Again the diversity of disciplines and topics is astonishing – as well as the caliber of the workshop leaders. I can only give a few examples. Michael Ward is teaching on “Cosmos or Chaos? CS Lewis and the Heavens,” based on his new book Planet Narnia (which I highly recommend). Brett McCracken’s workshop is on “Hipster Christianity.” John Mark Reynolds is teaching on the Great Books approach to teaching – very relevant, seeing as this is the approach that the CS Lewis College will take. Charlie Olcott is leading a Business Symposium. Joy Jordan-Lake is doing a creative writing workshop. And there are even more! I myself am participating in the Academic Roundtable, led by Scott Key, in which we present papers and discuss them – another great example of community building, in this case among academics.
Whew! Again, this would be more than enough for a rich, full day. But this is Oxbridge. There’s more…
After the workshops, we have some time to relax, perhaps take a nap, or wander Oxford. I’ve enjoyed visiting the bookshops… Blackwell’s in particular, with its winding, almost mazelike layout in which you climb up and find rooms devoted to different subjects on each level, all the way up to the fourth level where the secondhand books are found. The third level (or second floor as the British say, as they call the first floor the “ground” floor and start numbering after that) has my personal favorite, the Poetry Corner.
(I’m eagerly looking forward to Cambridge, where I’ve been told there is a place called the Haunted Bookshop…)
Dinner is once again in community, seated on those long tables that make me, at least, feel like a student at Hogwarts; and have I mentioned how good the food is? It’s a good thing we’re walking so much during the day…
After dinner we have an experience of the arts: thus far, that has included a wonderful performance of song and guitar music from Steve Bell, a Readers Theater production of Freud’s Last Session, and (last night) an English country dance. Many of the ladies (myself included) changed into dresses or skirts beforehand, the better to whirl and twirl in the patterns of the dances. It was marvelous good fun, and with an excellent dance caller who taught us each dance pattern and guided us through them, even dancing neophytes (myself included) could join in. Looking around the room, I saw older men and women and teenagers, and every age in between; I saw how the more exuberant dancers drew in the shyer ones; I saw smiles and heard laughter and clapping everywhere I turned.

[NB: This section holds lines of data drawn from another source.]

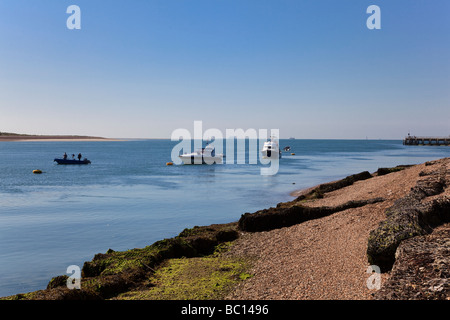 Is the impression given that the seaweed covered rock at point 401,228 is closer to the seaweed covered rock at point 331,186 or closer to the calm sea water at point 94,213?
the calm sea water at point 94,213

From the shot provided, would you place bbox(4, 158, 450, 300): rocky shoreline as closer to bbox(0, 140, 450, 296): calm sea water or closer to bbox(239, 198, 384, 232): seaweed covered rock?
bbox(239, 198, 384, 232): seaweed covered rock

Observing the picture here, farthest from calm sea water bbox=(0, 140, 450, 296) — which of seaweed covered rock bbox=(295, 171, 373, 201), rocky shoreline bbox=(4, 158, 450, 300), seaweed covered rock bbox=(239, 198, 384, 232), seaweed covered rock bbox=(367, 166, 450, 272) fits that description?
seaweed covered rock bbox=(367, 166, 450, 272)

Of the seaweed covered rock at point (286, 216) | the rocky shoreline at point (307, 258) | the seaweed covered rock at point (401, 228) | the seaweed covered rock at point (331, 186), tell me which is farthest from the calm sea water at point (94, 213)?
the seaweed covered rock at point (401, 228)

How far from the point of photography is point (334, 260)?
10766 mm

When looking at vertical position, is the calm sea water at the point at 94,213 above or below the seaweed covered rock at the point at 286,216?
below

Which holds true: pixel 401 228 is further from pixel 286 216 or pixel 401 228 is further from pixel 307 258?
pixel 286 216

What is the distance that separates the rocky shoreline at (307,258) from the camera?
735cm

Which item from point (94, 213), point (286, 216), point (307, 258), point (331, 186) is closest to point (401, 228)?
point (307, 258)

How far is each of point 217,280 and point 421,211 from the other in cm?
663

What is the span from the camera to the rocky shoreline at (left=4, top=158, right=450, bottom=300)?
7352 millimetres

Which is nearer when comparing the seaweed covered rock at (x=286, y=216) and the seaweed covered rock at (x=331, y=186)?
the seaweed covered rock at (x=286, y=216) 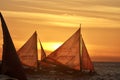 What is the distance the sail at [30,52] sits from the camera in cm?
8894

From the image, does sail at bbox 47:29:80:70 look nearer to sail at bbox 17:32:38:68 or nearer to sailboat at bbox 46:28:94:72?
sailboat at bbox 46:28:94:72

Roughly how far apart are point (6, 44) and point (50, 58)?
45.6 m

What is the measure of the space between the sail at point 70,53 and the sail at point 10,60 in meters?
44.7

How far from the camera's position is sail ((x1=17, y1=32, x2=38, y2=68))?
A: 88.9 meters

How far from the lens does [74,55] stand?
82.0m

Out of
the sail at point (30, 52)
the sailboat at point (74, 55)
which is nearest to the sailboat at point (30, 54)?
the sail at point (30, 52)

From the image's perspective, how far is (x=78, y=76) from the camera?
270ft

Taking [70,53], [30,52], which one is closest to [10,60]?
[70,53]

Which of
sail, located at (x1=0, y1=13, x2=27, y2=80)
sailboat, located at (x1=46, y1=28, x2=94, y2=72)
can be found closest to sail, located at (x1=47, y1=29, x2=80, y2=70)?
sailboat, located at (x1=46, y1=28, x2=94, y2=72)

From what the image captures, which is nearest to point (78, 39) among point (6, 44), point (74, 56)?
point (74, 56)

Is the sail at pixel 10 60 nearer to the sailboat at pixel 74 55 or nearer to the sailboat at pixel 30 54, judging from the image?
the sailboat at pixel 74 55

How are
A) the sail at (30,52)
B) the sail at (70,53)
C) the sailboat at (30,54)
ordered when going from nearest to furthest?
1. the sail at (70,53)
2. the sail at (30,52)
3. the sailboat at (30,54)

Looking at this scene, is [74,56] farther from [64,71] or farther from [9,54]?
[9,54]

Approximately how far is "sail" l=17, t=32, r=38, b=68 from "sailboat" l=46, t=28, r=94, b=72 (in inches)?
344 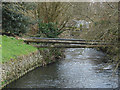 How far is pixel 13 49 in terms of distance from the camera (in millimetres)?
12062

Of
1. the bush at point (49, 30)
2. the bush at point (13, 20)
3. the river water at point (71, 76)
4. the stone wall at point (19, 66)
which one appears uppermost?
the bush at point (13, 20)

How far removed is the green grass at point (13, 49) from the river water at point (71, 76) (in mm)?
1188

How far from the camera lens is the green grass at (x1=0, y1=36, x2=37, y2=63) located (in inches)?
416

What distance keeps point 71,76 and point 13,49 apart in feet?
11.6

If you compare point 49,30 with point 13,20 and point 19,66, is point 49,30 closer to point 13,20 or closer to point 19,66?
point 13,20

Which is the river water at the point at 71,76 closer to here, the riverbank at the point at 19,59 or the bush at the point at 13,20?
the riverbank at the point at 19,59

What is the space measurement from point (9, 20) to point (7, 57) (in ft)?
16.3

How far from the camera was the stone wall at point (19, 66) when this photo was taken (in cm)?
955

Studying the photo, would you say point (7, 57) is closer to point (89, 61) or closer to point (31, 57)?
point (31, 57)

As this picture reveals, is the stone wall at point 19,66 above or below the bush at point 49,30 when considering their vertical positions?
below

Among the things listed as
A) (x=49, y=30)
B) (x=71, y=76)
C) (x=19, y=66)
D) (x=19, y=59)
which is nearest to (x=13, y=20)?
(x=49, y=30)

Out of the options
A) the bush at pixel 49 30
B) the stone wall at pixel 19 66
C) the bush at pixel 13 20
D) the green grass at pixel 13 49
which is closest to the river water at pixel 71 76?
the stone wall at pixel 19 66

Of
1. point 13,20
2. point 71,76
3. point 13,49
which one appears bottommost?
point 71,76

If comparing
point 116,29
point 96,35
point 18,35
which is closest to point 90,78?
point 96,35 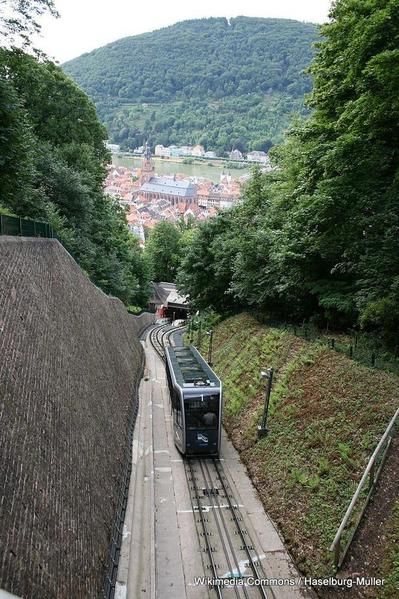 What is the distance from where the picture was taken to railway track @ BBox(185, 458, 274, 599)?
999 cm

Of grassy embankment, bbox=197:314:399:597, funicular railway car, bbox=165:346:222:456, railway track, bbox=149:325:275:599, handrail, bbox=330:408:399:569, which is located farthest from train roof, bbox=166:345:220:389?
handrail, bbox=330:408:399:569

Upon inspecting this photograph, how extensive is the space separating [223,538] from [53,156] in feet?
85.0

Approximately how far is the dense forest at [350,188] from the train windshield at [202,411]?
5351mm

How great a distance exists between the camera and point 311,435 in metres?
13.3

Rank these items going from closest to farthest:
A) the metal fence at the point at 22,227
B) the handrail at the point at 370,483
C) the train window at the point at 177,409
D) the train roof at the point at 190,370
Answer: the handrail at the point at 370,483
the metal fence at the point at 22,227
the train window at the point at 177,409
the train roof at the point at 190,370

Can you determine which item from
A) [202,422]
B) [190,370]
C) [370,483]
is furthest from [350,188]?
[370,483]

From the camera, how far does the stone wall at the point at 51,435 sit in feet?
21.8

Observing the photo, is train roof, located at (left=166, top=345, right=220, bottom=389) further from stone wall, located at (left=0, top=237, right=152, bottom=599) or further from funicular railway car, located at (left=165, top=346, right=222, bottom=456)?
stone wall, located at (left=0, top=237, right=152, bottom=599)

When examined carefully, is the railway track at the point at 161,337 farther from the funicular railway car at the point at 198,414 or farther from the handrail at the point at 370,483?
the handrail at the point at 370,483

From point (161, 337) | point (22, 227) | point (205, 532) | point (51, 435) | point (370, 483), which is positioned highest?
point (22, 227)

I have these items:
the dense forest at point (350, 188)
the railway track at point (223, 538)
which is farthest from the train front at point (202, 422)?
the dense forest at point (350, 188)

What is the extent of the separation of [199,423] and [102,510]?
18.8ft

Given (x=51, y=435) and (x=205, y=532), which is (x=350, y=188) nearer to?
(x=205, y=532)

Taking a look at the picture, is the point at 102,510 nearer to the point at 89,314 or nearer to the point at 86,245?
the point at 89,314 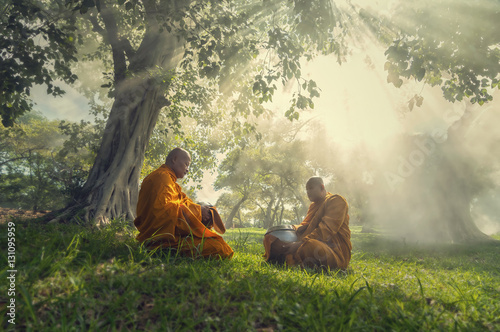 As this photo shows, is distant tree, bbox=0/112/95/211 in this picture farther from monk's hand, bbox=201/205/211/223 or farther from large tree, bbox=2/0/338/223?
monk's hand, bbox=201/205/211/223

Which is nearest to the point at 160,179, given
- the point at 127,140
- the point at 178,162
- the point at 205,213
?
the point at 178,162

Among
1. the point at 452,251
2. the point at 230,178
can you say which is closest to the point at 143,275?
the point at 452,251

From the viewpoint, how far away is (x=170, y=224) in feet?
13.7

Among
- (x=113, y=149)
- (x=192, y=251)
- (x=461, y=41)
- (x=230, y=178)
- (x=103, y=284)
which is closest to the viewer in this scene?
(x=103, y=284)

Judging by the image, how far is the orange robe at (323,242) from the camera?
492 cm

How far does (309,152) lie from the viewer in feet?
97.0

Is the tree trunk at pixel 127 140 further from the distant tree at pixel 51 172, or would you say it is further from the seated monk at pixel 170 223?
the seated monk at pixel 170 223

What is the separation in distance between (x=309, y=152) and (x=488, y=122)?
1482 centimetres

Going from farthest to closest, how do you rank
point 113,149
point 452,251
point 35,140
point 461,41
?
point 35,140
point 452,251
point 113,149
point 461,41

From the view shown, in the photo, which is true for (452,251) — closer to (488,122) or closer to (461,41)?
(461,41)

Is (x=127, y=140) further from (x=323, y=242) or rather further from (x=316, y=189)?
(x=323, y=242)

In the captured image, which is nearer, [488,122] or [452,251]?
[452,251]

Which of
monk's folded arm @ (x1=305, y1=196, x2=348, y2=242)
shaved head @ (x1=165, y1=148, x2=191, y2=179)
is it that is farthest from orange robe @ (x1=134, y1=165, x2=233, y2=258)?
monk's folded arm @ (x1=305, y1=196, x2=348, y2=242)

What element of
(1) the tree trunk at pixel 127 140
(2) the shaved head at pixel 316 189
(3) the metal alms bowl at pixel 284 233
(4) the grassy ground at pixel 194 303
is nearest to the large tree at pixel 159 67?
(1) the tree trunk at pixel 127 140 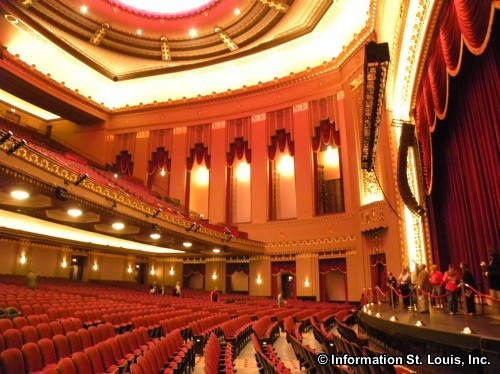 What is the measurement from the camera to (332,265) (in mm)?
12578

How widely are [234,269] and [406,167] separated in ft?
27.7

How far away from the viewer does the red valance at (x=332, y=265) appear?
486 inches

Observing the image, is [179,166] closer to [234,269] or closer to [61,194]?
[234,269]

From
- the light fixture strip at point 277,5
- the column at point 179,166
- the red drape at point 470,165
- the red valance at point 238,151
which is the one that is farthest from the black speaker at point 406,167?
the column at point 179,166

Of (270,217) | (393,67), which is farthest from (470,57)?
(270,217)

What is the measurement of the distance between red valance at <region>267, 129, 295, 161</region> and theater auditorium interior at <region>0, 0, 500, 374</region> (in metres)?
0.05

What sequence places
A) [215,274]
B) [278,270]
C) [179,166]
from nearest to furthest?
[278,270] < [215,274] < [179,166]

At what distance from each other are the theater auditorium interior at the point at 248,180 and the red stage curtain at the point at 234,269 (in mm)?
147

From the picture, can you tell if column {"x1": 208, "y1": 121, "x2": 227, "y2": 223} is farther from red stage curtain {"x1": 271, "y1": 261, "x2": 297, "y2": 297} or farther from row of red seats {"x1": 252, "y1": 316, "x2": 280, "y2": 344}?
row of red seats {"x1": 252, "y1": 316, "x2": 280, "y2": 344}

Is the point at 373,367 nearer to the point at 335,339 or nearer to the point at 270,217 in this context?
the point at 335,339

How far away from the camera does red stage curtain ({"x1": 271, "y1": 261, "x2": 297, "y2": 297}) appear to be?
13320mm

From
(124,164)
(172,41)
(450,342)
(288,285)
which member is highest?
(172,41)

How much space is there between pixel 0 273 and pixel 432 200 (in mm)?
10678

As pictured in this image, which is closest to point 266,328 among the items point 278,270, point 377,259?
point 377,259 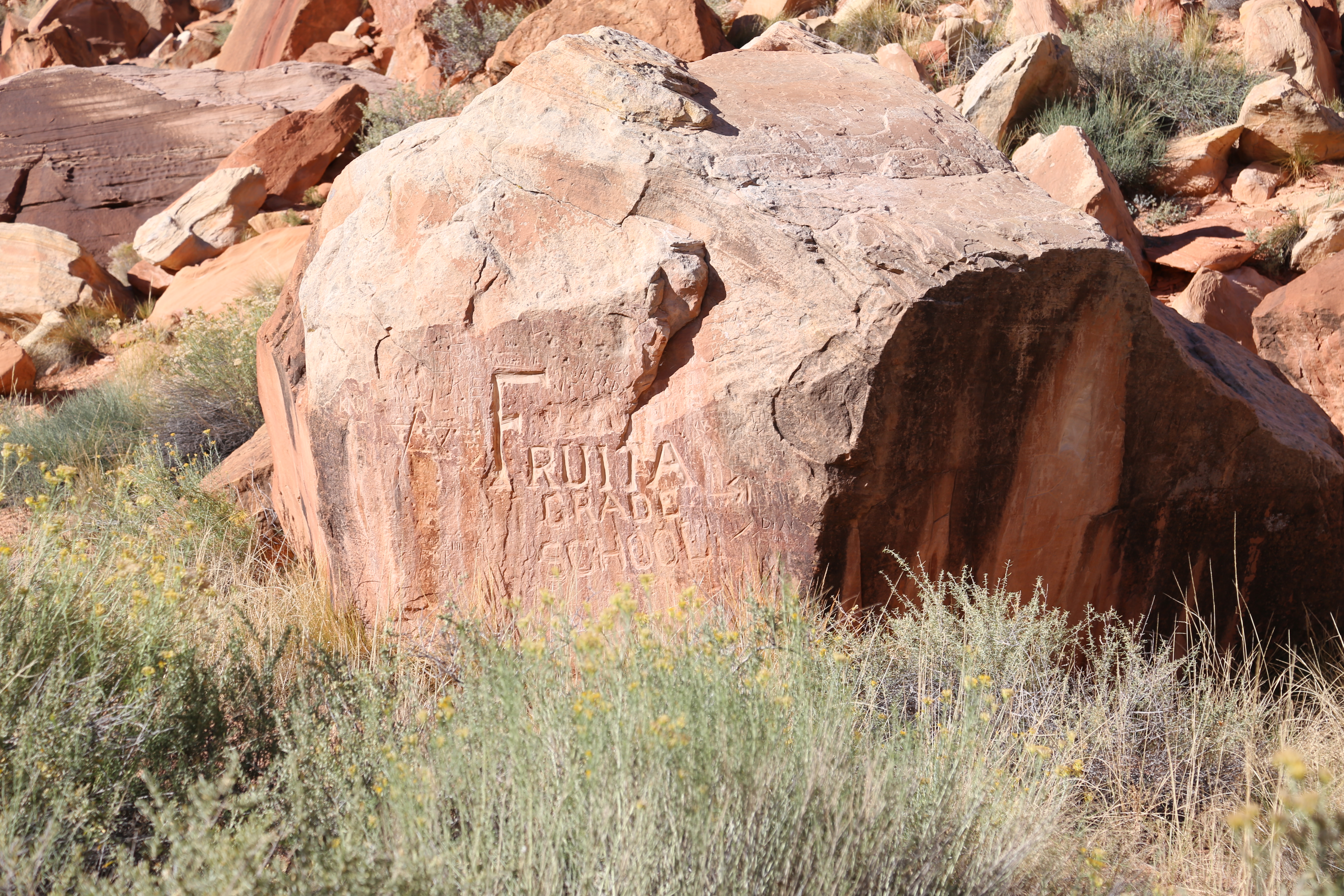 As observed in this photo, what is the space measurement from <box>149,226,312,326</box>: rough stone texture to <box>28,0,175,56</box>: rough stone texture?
330 inches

Most everyone has called it a night at around 10 pm (I think you can see why!) but for some of us the day is not yet over. We make our way to the Keble College bar and settle in for Bag End Cafe, masterminded and led by Andrew Lazo. This is another important form of community here: Andrew works his magic to bring everyone together in a community that celebrates the arts and nurtures creativity. People tell stories, read poetry, play music, and share laughter; each Bag End is unique. Here we again see the reality of Christian community. A published poet or professional musician will be followed perhaps by someone who wrote his first poem ever just the day before. (And I’ve seen it happen again and again that people are inspired by Bag End to do exactly that – to write something and share it.)
Finally we head back to our rooms. The patterned brick of Keble College catches the gleam of moonlight; the grassy quad is a well of shadows now. We say our goodnights and climb, weary but happy, into our beds. Tomorrow is another day of fellowship, learning, beauty, and joy.”